The data:
· · · ·
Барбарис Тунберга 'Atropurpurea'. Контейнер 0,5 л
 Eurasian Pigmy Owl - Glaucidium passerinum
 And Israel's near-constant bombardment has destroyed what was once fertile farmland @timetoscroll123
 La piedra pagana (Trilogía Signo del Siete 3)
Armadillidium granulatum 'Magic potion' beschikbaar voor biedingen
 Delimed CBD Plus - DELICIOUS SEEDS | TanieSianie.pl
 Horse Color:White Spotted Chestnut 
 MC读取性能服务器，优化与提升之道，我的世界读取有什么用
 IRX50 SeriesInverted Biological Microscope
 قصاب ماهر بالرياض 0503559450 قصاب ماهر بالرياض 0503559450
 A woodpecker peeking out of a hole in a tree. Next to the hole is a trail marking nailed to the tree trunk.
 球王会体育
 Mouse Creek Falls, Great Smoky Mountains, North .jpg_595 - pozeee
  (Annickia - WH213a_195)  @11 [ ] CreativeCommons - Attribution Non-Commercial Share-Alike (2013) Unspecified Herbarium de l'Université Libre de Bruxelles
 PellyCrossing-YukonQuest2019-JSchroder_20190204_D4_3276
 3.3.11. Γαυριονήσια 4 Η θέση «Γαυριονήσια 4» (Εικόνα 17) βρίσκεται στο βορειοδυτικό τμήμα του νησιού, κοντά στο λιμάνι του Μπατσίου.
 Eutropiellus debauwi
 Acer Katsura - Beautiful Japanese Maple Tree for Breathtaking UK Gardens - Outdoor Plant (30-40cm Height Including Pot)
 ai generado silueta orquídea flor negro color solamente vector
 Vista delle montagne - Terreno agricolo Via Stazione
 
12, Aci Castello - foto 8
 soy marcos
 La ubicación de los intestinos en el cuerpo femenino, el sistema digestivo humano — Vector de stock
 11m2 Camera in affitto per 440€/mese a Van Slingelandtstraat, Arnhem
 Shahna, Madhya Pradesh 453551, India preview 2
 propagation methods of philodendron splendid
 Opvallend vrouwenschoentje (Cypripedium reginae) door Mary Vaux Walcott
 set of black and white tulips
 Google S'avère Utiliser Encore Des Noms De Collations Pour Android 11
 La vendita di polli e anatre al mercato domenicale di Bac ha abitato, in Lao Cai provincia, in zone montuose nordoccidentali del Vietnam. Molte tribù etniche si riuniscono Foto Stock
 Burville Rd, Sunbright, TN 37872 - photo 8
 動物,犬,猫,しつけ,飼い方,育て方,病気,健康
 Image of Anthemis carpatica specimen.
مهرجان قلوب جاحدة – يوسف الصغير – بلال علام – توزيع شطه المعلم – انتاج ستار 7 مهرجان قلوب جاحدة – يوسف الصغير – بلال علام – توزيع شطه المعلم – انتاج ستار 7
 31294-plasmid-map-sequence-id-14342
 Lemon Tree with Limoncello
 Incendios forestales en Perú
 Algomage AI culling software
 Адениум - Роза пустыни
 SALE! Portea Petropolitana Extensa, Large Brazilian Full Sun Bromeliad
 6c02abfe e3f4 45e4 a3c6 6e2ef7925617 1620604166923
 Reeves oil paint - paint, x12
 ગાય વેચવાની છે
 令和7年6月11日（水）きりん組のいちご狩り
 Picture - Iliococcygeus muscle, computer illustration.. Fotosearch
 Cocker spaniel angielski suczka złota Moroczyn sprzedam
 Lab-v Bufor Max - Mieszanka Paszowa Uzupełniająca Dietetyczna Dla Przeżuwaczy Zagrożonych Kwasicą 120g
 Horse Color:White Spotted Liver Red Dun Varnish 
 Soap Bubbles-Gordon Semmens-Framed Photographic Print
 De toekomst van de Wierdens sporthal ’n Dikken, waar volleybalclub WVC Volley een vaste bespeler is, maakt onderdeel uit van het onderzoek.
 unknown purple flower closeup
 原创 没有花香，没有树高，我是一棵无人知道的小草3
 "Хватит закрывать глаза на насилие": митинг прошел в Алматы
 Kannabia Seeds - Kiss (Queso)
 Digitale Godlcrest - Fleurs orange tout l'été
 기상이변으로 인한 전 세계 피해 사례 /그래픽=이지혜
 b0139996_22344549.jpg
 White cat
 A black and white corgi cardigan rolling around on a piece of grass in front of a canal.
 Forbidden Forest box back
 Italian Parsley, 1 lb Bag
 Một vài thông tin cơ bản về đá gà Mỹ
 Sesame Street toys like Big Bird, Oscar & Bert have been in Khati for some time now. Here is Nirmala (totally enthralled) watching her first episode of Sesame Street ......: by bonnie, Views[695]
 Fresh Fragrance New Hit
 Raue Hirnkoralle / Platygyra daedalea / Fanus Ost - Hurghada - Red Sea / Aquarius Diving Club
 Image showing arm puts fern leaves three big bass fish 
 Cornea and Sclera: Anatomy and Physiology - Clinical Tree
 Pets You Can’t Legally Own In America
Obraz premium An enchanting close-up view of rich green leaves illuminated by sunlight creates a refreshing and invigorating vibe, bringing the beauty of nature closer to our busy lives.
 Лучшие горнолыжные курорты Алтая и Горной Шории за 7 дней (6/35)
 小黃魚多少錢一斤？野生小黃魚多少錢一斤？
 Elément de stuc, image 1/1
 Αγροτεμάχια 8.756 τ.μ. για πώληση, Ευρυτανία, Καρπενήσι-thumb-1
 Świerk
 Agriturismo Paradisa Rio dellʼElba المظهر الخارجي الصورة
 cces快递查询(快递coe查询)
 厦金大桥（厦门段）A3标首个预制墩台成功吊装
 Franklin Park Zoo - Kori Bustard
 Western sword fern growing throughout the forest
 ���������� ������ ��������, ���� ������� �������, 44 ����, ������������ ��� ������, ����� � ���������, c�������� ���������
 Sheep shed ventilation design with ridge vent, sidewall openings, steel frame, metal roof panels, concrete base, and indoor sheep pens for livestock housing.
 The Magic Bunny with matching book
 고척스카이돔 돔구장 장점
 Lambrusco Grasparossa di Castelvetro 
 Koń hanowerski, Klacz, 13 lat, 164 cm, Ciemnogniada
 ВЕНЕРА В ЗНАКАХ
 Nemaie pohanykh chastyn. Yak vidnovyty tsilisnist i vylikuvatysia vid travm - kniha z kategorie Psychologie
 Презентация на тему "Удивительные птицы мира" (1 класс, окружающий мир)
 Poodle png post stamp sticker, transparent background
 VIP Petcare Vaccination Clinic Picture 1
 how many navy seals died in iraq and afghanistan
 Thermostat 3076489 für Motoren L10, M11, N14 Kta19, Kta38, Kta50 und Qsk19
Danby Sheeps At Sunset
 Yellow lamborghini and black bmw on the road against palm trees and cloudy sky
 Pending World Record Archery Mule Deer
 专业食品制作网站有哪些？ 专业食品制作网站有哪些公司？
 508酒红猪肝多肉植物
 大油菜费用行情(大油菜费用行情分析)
· · · ·
Work instructions: Within the material above, copy exactly the lines from the line that holds "La vendita di" up to and including the line that holds "Incendios forestales en Perú".

Task solution:
 La vendita di polli e anatre al mercato domenicale di Bac ha abitato, in Lao Cai provincia, in zone montuose nordoccidentali del Vietnam. Molte tribù etniche si riuniscono Foto Stock
 Burville Rd, Sunbright, TN 37872 - photo 8
 動物,犬,猫,しつけ,飼い方,育て方,病気,健康
 Image of Anthemis carpatica specimen.
مهرجان قلوب جاحدة – يوسف الصغير – بلال علام – توزيع شطه المعلم – انتاج ستار 7 مهرجان قلوب جاحدة – يوسف الصغير – بلال علام – توزيع شطه المعلم – انتاج ستار 7
 31294-plasmid-map-sequence-id-14342
 Lemon Tree with Limoncello
 Incendios forestales en Perú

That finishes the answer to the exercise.